This article was compiled from a series of emails Evans sent TIME following President Obama's visit to El Reno Federal Correction Institution where Evans is an inmate. Evans was convicted of charges related to crack-cocaine possession and distribution, among other charges, in 1993
I was very excited when I heard that President Barack Obama was coming to visit the federal prison in El Reno, Okla, where I am an inmate. To be honest, I would have been excited to hear the president was visiting any of the prisons within the Federal Bureau of Prisons. He’s demonstrating his focus and commitment to working diligently to create real change within the criminal justice system. I love that he is moving forward with his clemency project to commute sentences for nonviolent criminals. I’m even more excited by his call to Congress to substantially change the system. He’s making history, and I’m glad to be a part of it.
I agree with what President Obama said this week—”America is a nation of second chances.” I look forward to having mine one day. I am currently serving a life sentence for a non-violent drug offense. I was a low-level street drug dealer, and I fully acknowledge that my activities as a teenager and young adult did harm to my community. But I was sentenced as if I were a drug lord. I walked into prison when I was in my 20s, and I am now a few months away from my 50th birthday, a grandfather, and a completely different man.
I have learned a great deal here. I have become a better, more organized, more business-minded, more mature person. I have learned many skills—from cooking to accounting to teaching to making dental prosthetics—that have encouraged me to change.
I have watched landmark Supreme Court cases right wrongs of the past but have no retroactive effect. I have watched Congress pass new drug laws that have no effect on many who have been incarcerated the longest. And I have watched so many leave prison, only to return because the necessary programs, educational opportunities, and community support were not there to assist them.
The one thing that I would tell the president about life inside El Reno is that rehabilitation does not take 20 or 30 years. Prison time as a punishment is one issue, but that punishment should fit the crime. The rest of the time should be used for genuine rehabilitation and correction.

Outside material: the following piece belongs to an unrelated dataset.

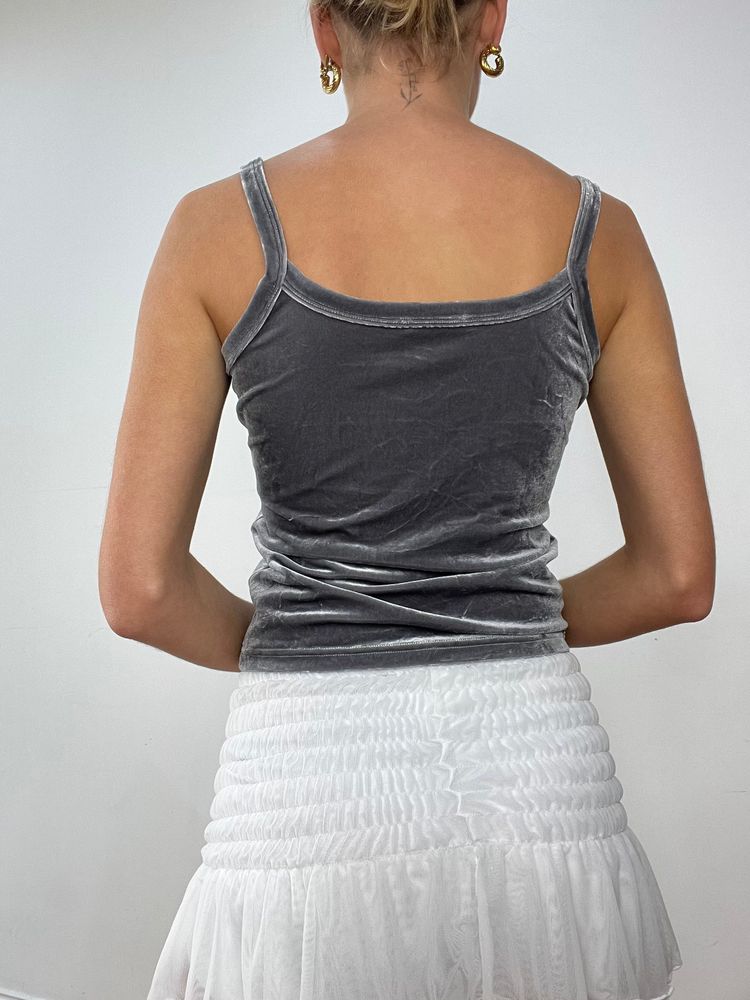 BALLETCORE | small grey velour cami top image 3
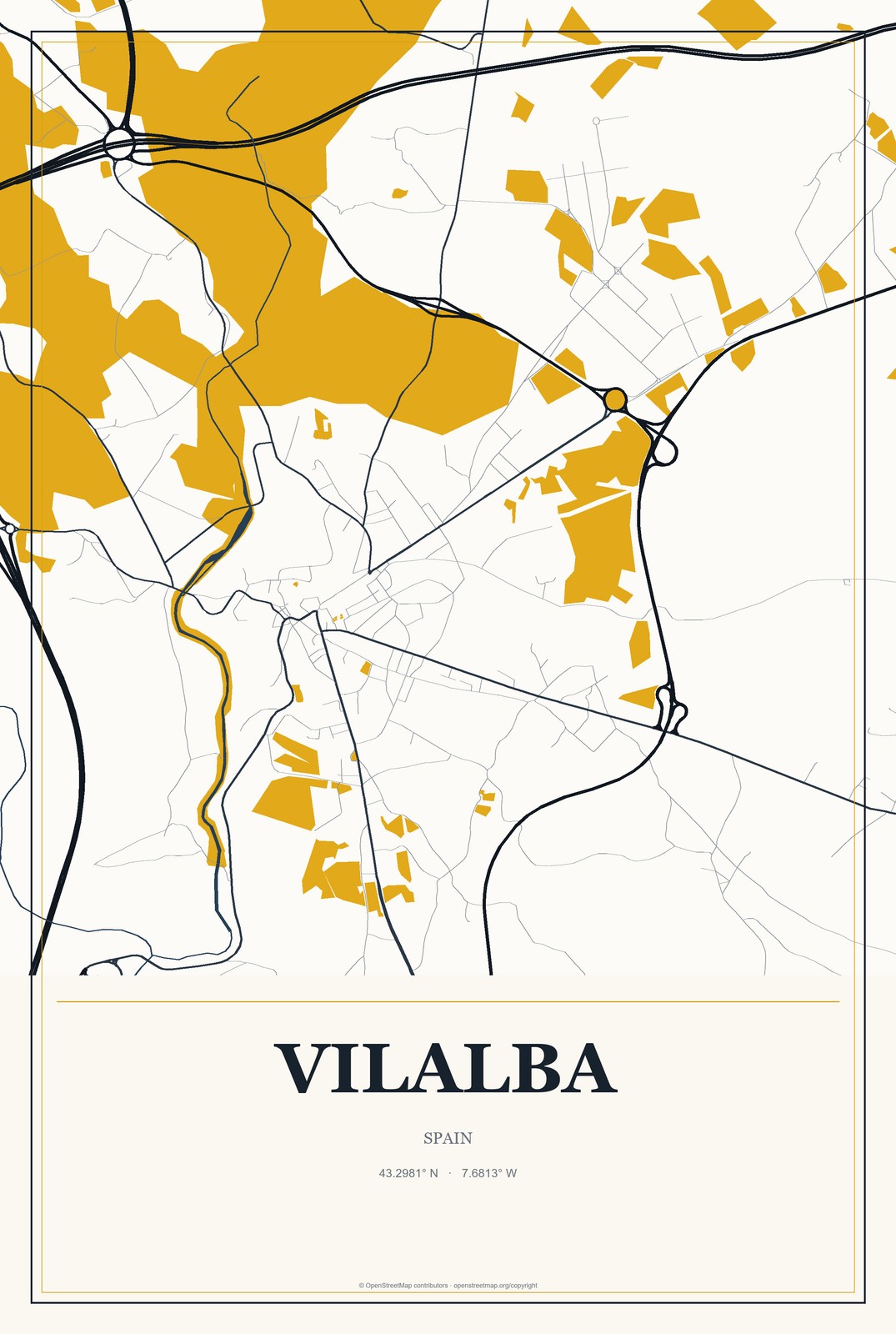 Vilalba, Spain City Map Aluminum Sign in Citrine Modern style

Living in El Reno has forced me to see both the depravity of mankind and simultaneously the incredible missing dynamism within families and communities out there. It has provoked me to not only face my circumstances, but also face my country and ask whether the intentions of federal courtrooms are being met by this facility.
I have applied for clemency, and my application is under review. After Obama’s visit, my hope transformed into more of a confident expectation. Even though the president only spent a very short time here, it seems that he has now made himself a part of the very important struggle for fairness and true justice. Thursday was a very good day for not only me and the men here at El Reno, but also for America.